Longleaf is fire-adapted. In fact, it requires fire for its reproduction. The seeds need bare mineral soils to germinate, the type of soils left after a low-intensity fire has reduced the litter layer to ashes. Without fire the pine needles and dead grasses accumulate, preventing the Longleaf seeds from making contact with the soil. In pre-settlement times this duff was burned off by small, low intensity fires caused by frequent lightning strikes.
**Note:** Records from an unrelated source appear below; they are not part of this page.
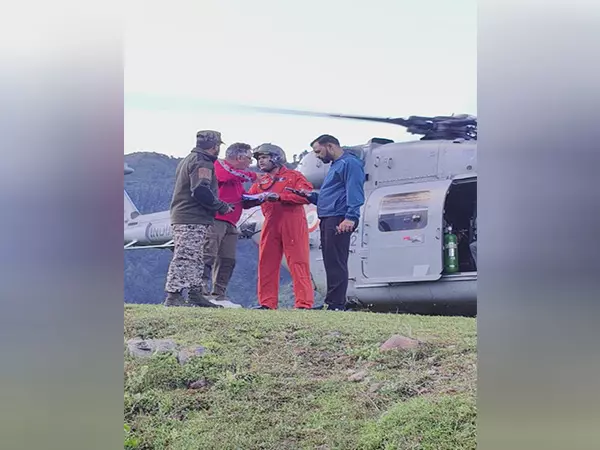 Udhampur प्रशासन और भारतीय वायुसेना ने दो मरीजों को सफलतापूर्वक निकालने के लिए किया सहयोग Udhampur प्रशासन और भारतीय वायुसेना ने दो मरीजों को सफलतापूर्वक निकालने के लिए किया सहयोग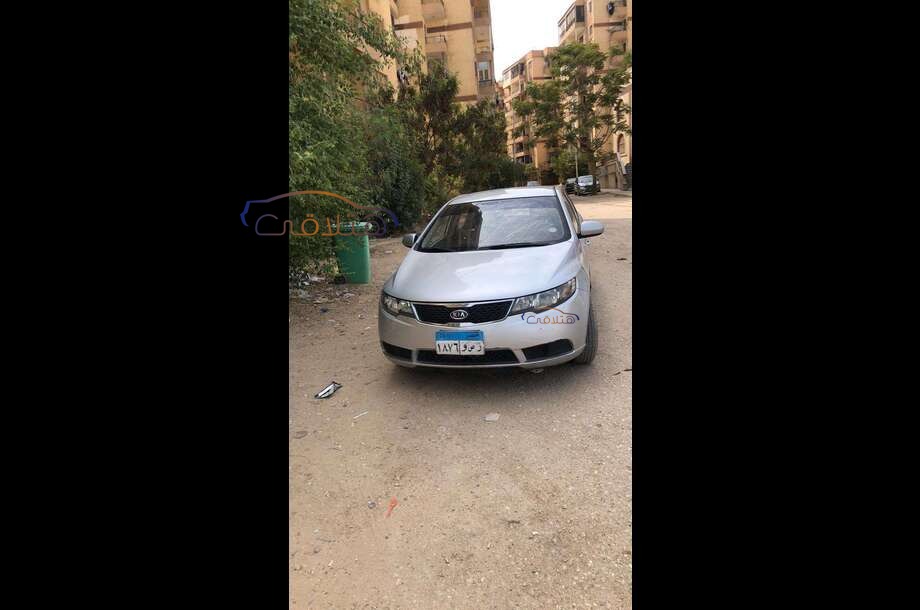 Grand Cerato Kia فضي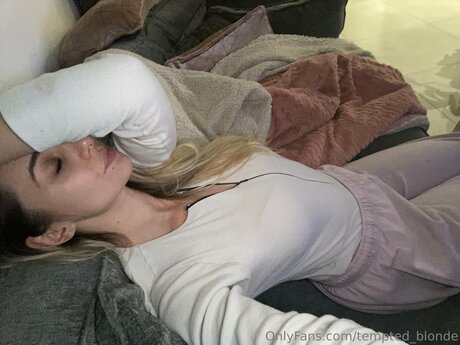 Tempted Blonde beste top bild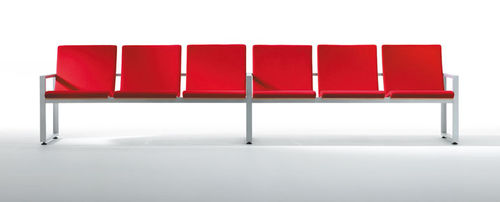 Seduta su barra in acciaio - VIP - Forma 5 - in legno / in espanso / 3 posti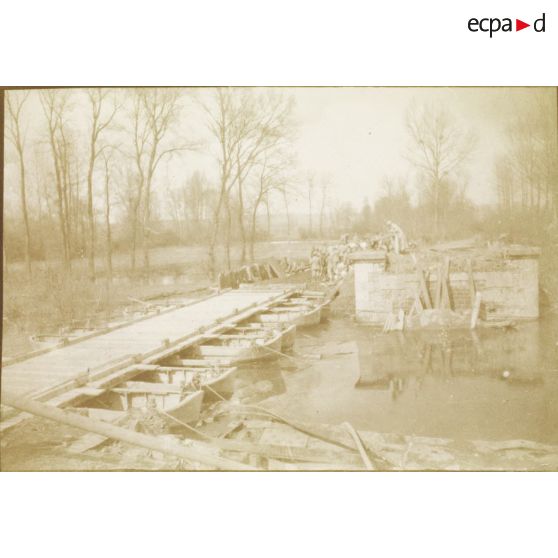 [Franchissement d'une rivière grâce à un pont flottant, s.d.]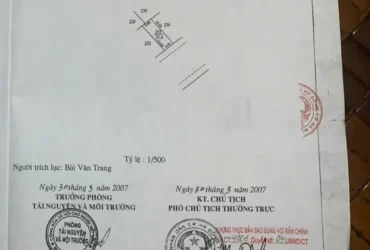 nhà khu vực phân lô, đường rộng 8m, giao thông thuận lợi, kinh doanh tốt,, bạt ngàn tiện ích.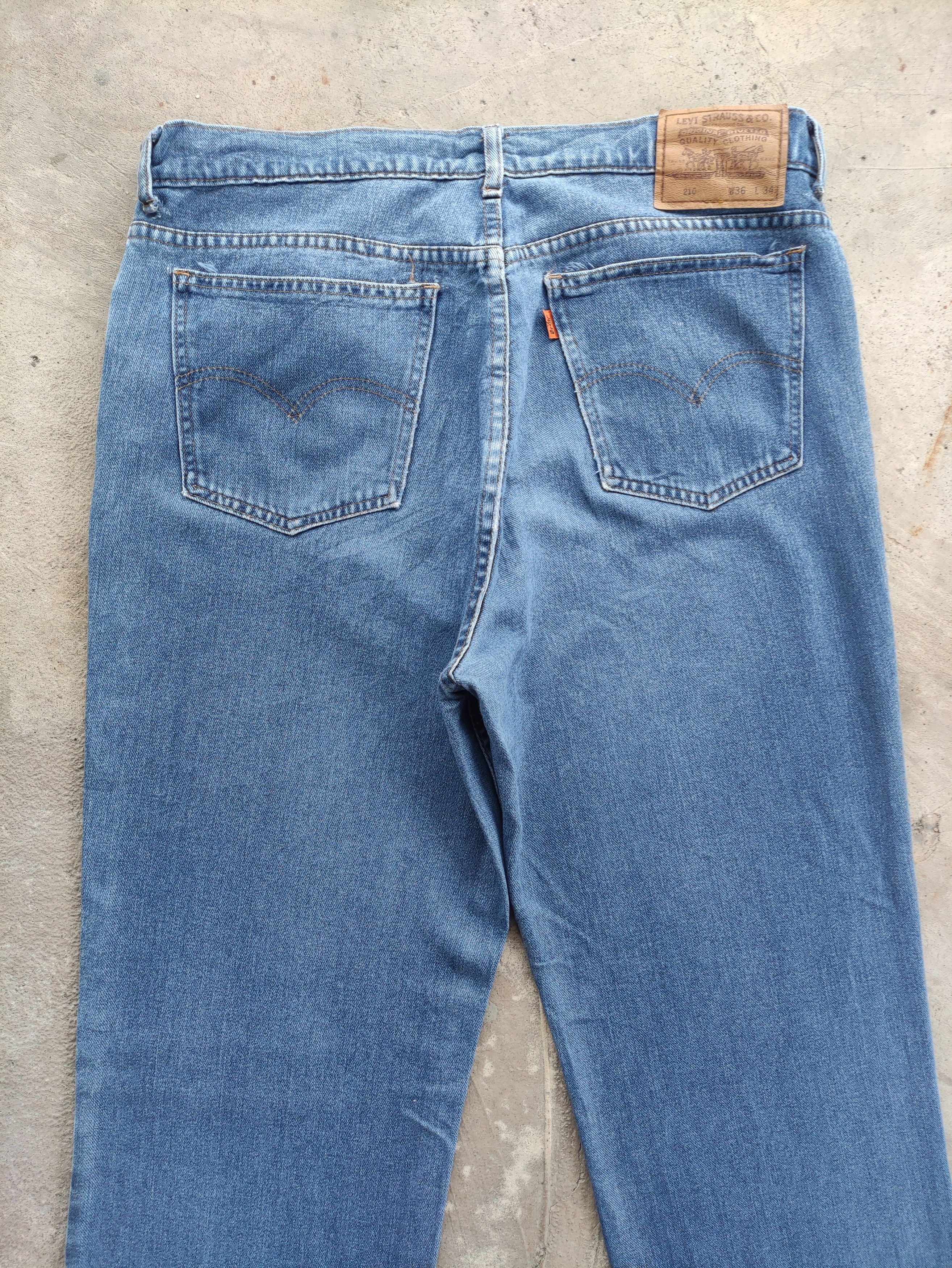 Levi's Vintage Levis Jean Distressed Faded Denim Waist 35 Size US 35 - 9 Thumbnail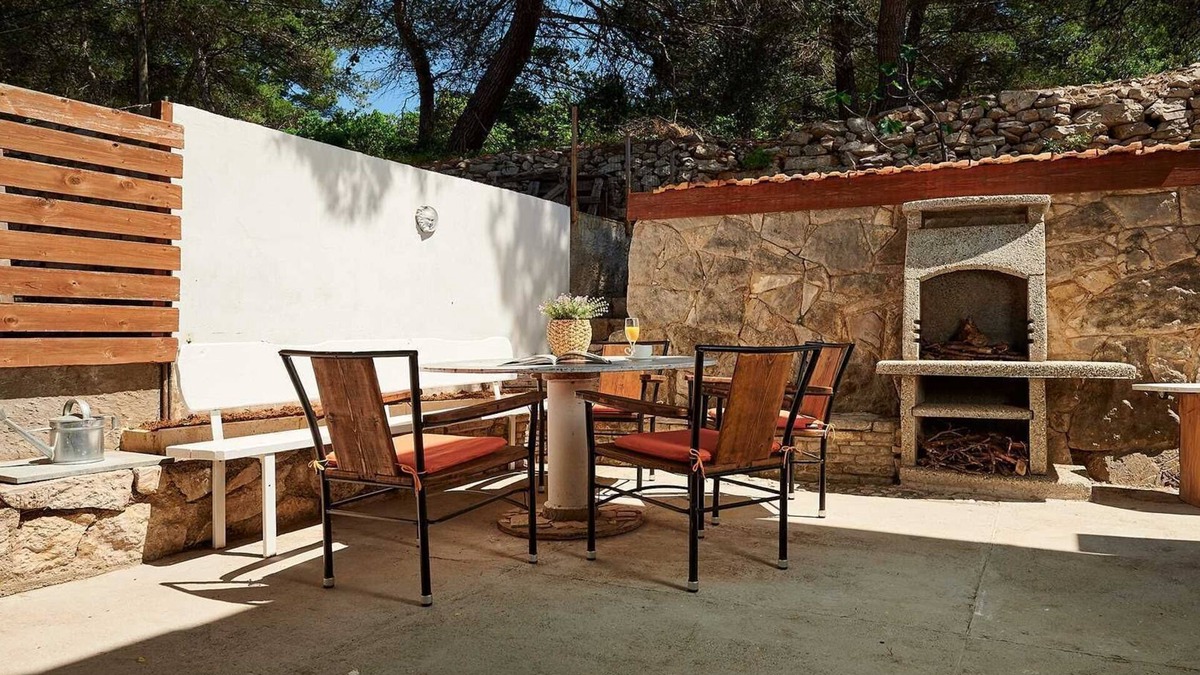 Rogac Villa | Charming beachfront villa with pool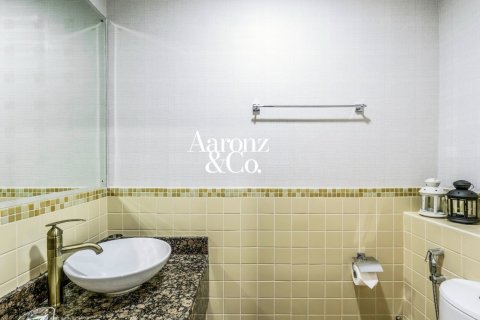 Apartment in Jumeirah Beach Residence, Dubai 1 bedroom, 71 sq.m. № 134463 - photo 8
When the Longleaf seed germinates it forms a dense, grass-like cluster of needles and devotes itself to growing a tap root for the first five plus years. This grass stage, as it is called, is very resistant to fire. Only the tips of the needles burn in low-intensity fires and the needle base is closely packed which prevents the fire from damaging the apical meristem of the future tree. After the grass stage is past the tree begins to grow rapidly, shooting up five or more feet in just a couple of years. This puts the growing tip beyond the reach of the frequent low-intensity fires. The trunk is also protected from fire damage by a thick bark. The Longleaf in the Dunson Garden has reached this "rocket" stage of growth.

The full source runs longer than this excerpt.